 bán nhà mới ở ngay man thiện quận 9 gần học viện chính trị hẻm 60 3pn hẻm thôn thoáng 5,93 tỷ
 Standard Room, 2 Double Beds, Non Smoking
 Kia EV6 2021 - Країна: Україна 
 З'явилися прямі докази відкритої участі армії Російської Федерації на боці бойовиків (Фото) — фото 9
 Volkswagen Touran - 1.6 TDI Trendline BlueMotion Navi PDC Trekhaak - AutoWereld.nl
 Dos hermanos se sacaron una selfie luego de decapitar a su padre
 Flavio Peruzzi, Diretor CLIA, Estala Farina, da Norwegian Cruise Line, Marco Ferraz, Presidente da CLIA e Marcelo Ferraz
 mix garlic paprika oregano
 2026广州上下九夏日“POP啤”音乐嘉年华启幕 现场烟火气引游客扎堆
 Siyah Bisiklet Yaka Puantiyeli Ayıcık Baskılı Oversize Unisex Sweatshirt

▸ **YOUR OBJECTIVE**
All entries must be given again exactly.

▸ **EXERCISE OUTPUT**
 bán nhà mới ở ngay man thiện quận 9 gần học viện chính trị hẻm 60 3pn hẻm thôn thoáng 5,93 tỷ
 Standard Room, 2 Double Beds, Non Smoking
 Kia EV6 2021 - Країна: Україна 
 З'явилися прямі докази відкритої участі армії Російської Федерації на боці бойовиків (Фото) — фото 9
 Volkswagen Touran - 1.6 TDI Trendline BlueMotion Navi PDC Trekhaak - AutoWereld.nl
 Dos hermanos se sacaron una selfie luego de decapitar a su padre
 Flavio Peruzzi, Diretor CLIA, Estala Farina, da Norwegian Cruise Line, Marco Ferraz, Presidente da CLIA e Marcelo Ferraz
 mix garlic paprika oregano
 2026广州上下九夏日“POP啤”音乐嘉年华启幕 现场烟火气引游客扎堆
 Siyah Bisiklet Yaka Puantiyeli Ayıcık Baskılı Oversize Unisex Sweatshirt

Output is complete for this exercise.